- Born: 9 March 1981 (age 45) Mbinga, Tanzania
- Citizenship: Indian
- Education: Kozhikode Medical College University of Pune
- Awards: CSIR Young Scientist Award (2012); FRSB (2017);
- Scientific career
- Fields: Bioinformatics, Computational Biology
- Workplaces: Indraprastha Institute of Information Technology Delhi, Institute of Genomics and Integrative Biology, Academy of Scientific and Innovative Research
- Doctoral advisor: Samir K. Brahmachari
- Website: vinodscaria.rnabiology.org

= Vinod Scaria =

Indian biochemist

Dr Vinod Scaria FRSB, FRSPH (born 9 March 1981) is an Indian biologist, medical researcher pioneering in Precision Medicine and Clinical Genomics in India. He is best known for sequencing the first Indian genome. He was also instrumental in the sequencing of The first Sri Lankan Genome, analysis of the first Malaysian Genome sequencing and analysis of the Wild-type strain of Zebrafish and the IndiGen programme on Genomics for Public Health in India.

He is presently the Chief Data Officer at Karkinos Healthcare and an adjunct professor at the IIT Kanpur. He was previously a senior scientist at CSIR Institute of Genomics and Integrative Biology and an adjunct faculty at Indraprastha Institute of Information Technology, Delhi.

He along with his colleague and collaborator Sridhar Sivasuubu are widely regarded as the pioneers in the area of clinical genomics in India. They are also the co-founders of the Genomics for Understanding Rare Diseases India Alliance Network (GUaRDIAN) a large clinical network working in the area of Rare Disease Genomics in India. They were also instrumental in setting up a comprehensive fellowship programme in genomics for clinicians

His research has also contributed to a number of commercially viable technologies for healthcare and public health applications. This includes one of the methods for fast and accurate diagnosis and screening of mitochondrial genetic diseases.

==Early life==
Scaria was born in Tanzania in 1981. He did his schooling in Silver Hills Public School, Kozhikode, India. He studied for pre-degree course in St. Joseph's College, Devagiri and completed his undergraduate studies in medicine and surgery from Calicut Medical College with gold medals in Biochemistry and Physiology. He worked as a consultant for information technology at the Pain and Palliative Care society in Kozhikode. Later, he joined the CSIR Institute of Genomics and Integrative Biology, New Delhi, where he started his career as a researcher.

==Research==
Scaria started his research career at Kozhikode Medical College in the area of medical ethics and health information on Internet. After joining the CSIR Institute of Genomics and Integrative Biology in 2005, he switched to computational biology and genome informatics. His notable researches include the identification of human micro-RNA which can target HIV virus. In 2009 he and his colleagues at the Institute of Genomics and Integrative Biology announced the sequencing of the wild-type strain of zebrafish and the sequencing of the first Human Genome from India. He also pioneered the use of social web for genome annotation, through mapping of TB genome. Scaria and colleagues also discovered and designed enzyme silencers for mRNA, dubbed antagomirzymes. His group also pioneered the use of social web, cloud computing and students for solving complex drug discovery problems for Neglected Diseases. Dr Scaria has also been involved in popularising personal genomics through meragenome.com and OpenPGx.

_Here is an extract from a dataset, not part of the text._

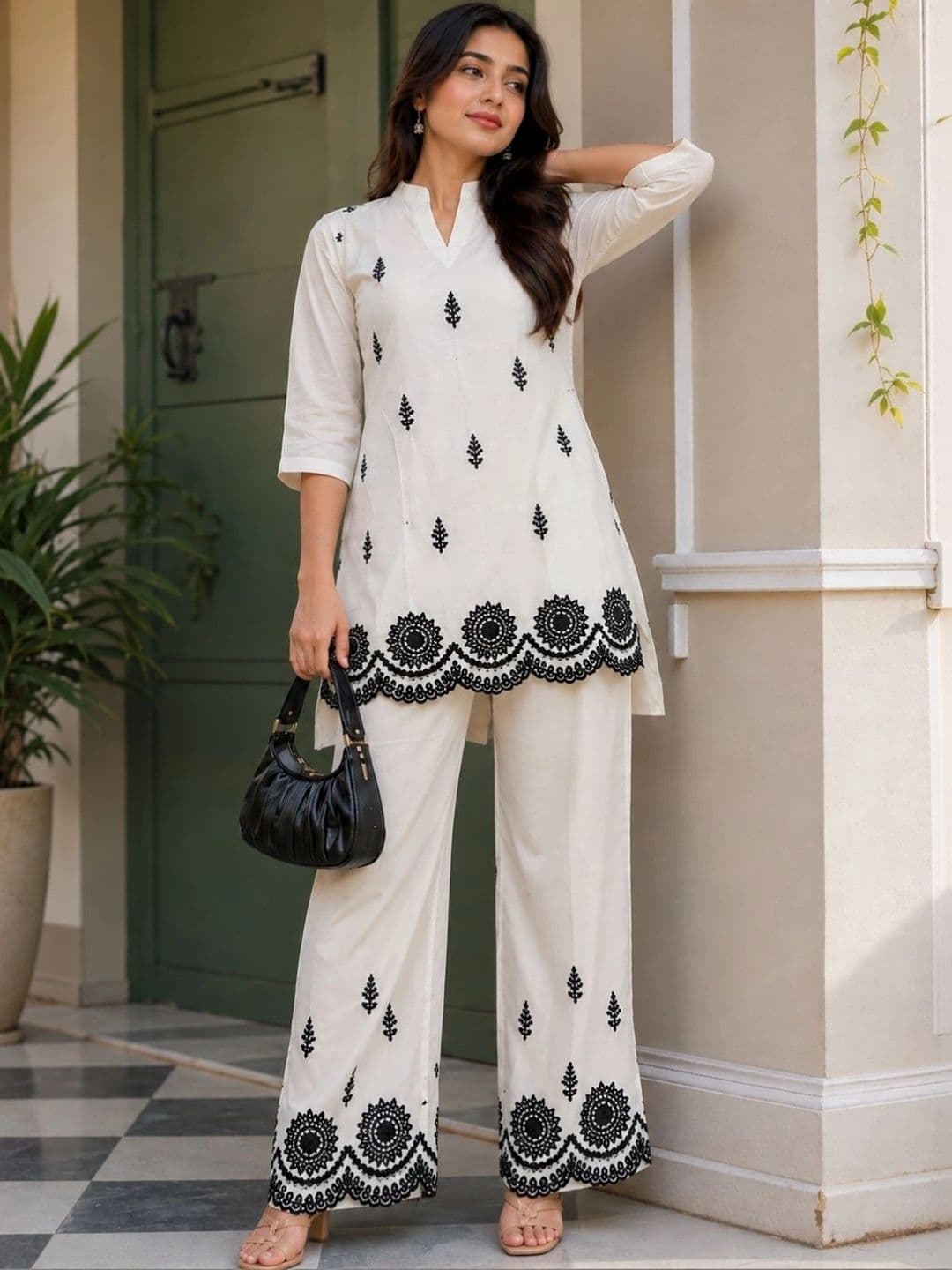 Moda Rapido Grandeur & Majestic Artwork Cotton Embroidered Top with Palazzos - view 1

His research took a shift to Clinical Genomics in 2009 starting with the sequencing of the first Indian Genome in 2009. Over years he with colleague, Sridhar Sivasubbu created a large research network in area of Clinical Genomics with focus on rare genetic diseases and pharmacogenomics. The focus has been to use genomic tools to understand the molecular basis of genetic diseases in India and use this knowledgebase to develop affordable and accessible genetic tests. This initiative helped uncover the genetic basis of many inherited diseases in India

His research has also led to know-how which has been successfully licensed to a number of commercial diagnostic entities and available to clinicians across India.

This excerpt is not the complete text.